> TO DO: Write out all the data verbatim. Skip images.
── DATA ──
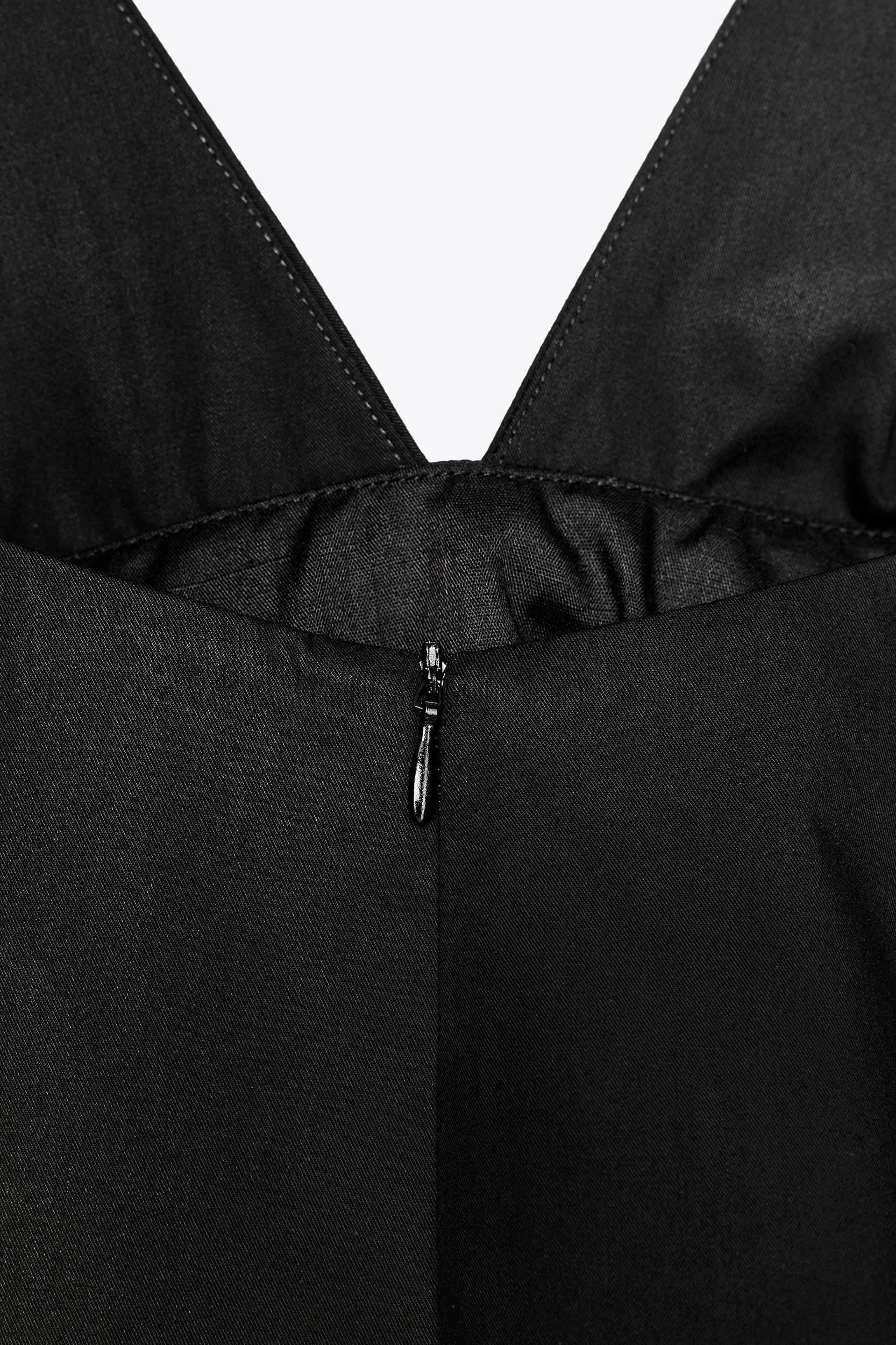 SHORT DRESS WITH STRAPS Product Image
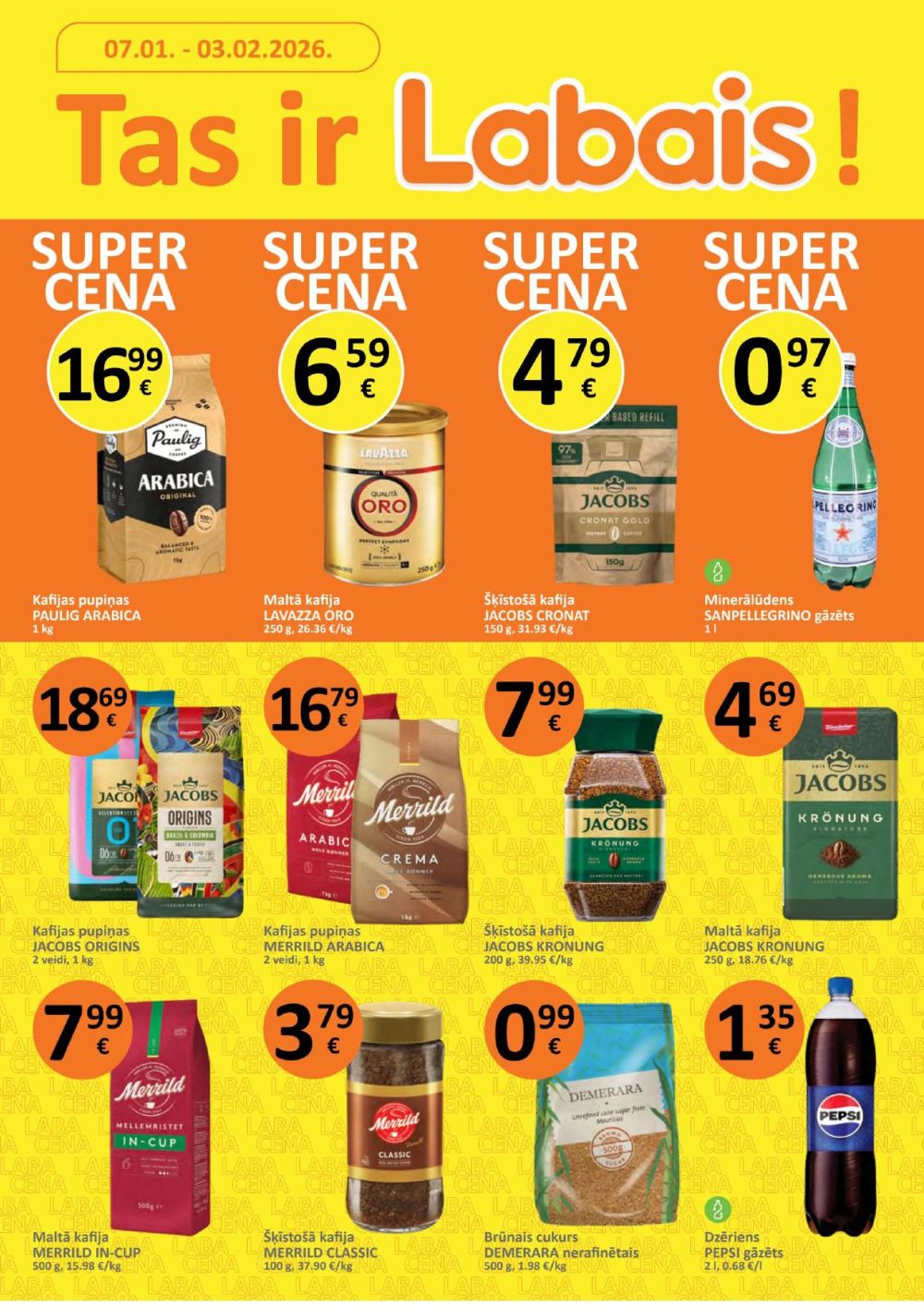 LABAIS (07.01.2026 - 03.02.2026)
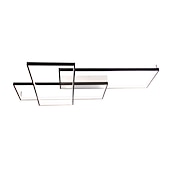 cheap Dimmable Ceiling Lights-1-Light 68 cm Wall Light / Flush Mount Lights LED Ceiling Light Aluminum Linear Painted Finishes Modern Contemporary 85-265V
───
> WORKED SOLUTION:
 SHORT DRESS WITH STRAPS Product Image
 LABAIS (07.01.2026 - 03.02.2026)
 cheap Dimmable Ceiling Lights-1-Light 68 cm Wall Light / Flush Mount Lights LED Ceiling Light Aluminum Linear Painted Finishes Modern Contemporary 85-265V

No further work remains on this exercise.